The ruling is a huge victory for Portland, Ore.-based Animal Legal Defense Fund, which filed suit against LDWF last month seeking to free Tony. According to ALDF spokeswoman Lisa Franzetta, ALDF will try to work with LDWF in December to find a good home for the tiger. Many supporters of the animal's emancipation have lobbied to have him transferred to a big-cat sanctuary.

Tiger Truck Stop once boasted as many as six tigers and has long been the target of animal rights supporters. In 2009, LDWF ruled that Sandlin's cat clink should be grandfathered and not subject to a new state law barring private ownership of exotic animals. ALDF challenged Sandlin's legal ownership of the animal citing a 1993 ordinance in Iberville Parish that also prohibits exotic-animal ownership. The suite posited that if Sandlin didn't legally own the 10-year-old Tony due to the Iberville law, he couldn't legally be grandfathered in and granted a permit from the state. Judge Caldwell found Sandlin in violation of the section of law requiring the owner to live on the premises where the exotic animal is caged.

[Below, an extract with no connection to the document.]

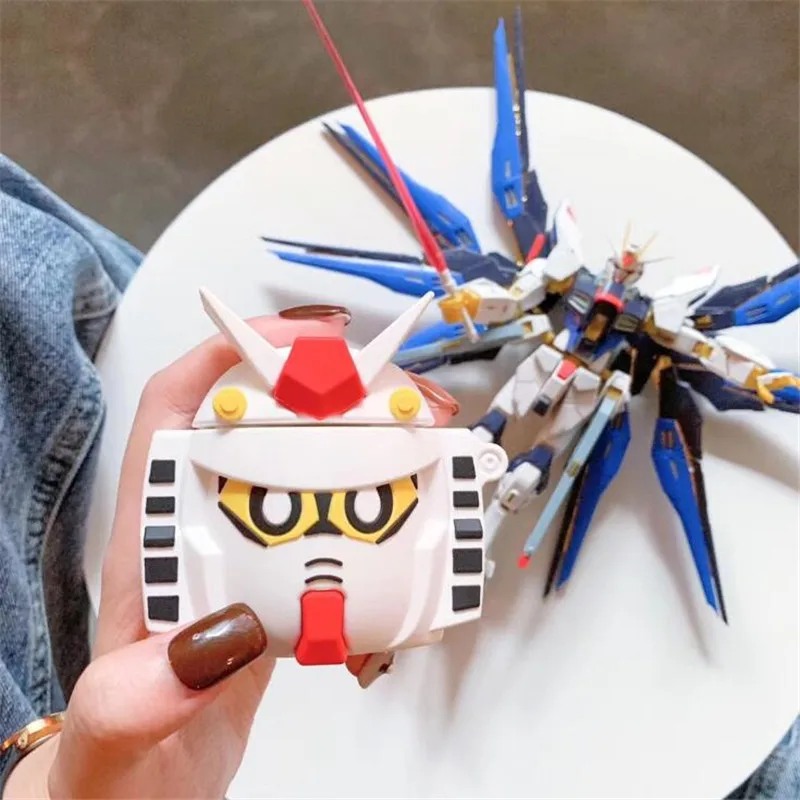 Аниме Gundam Airpods Сумка косплей 3D значок Bluetooth гарнитура силикагель Защита Коробка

Former state Rep. Warren Triche, who authored the 2006 state law banning private ownership of exotic animals, was a co-plaintiff along with two state residents. A Baton Rouge law firm is provided pro bono assistance with the litigation.

"Today, the law was upheld in the state of Louisiana, which has explicit regulations designed to protect tigers like Tony," says ALDF Executive Director Stephen Wells in a press release heralding the ruling. "It is an incredible victory for ALDF, the tens of thousands around the world who have supported this campaign, and most of all, for Tony. We eagerly look forward to the day that he leaves behind the noise and fumes of the Tiger Truck Stop for a new life of freedom that he has never known."

No word yet on whether Sandlin plans to appeal.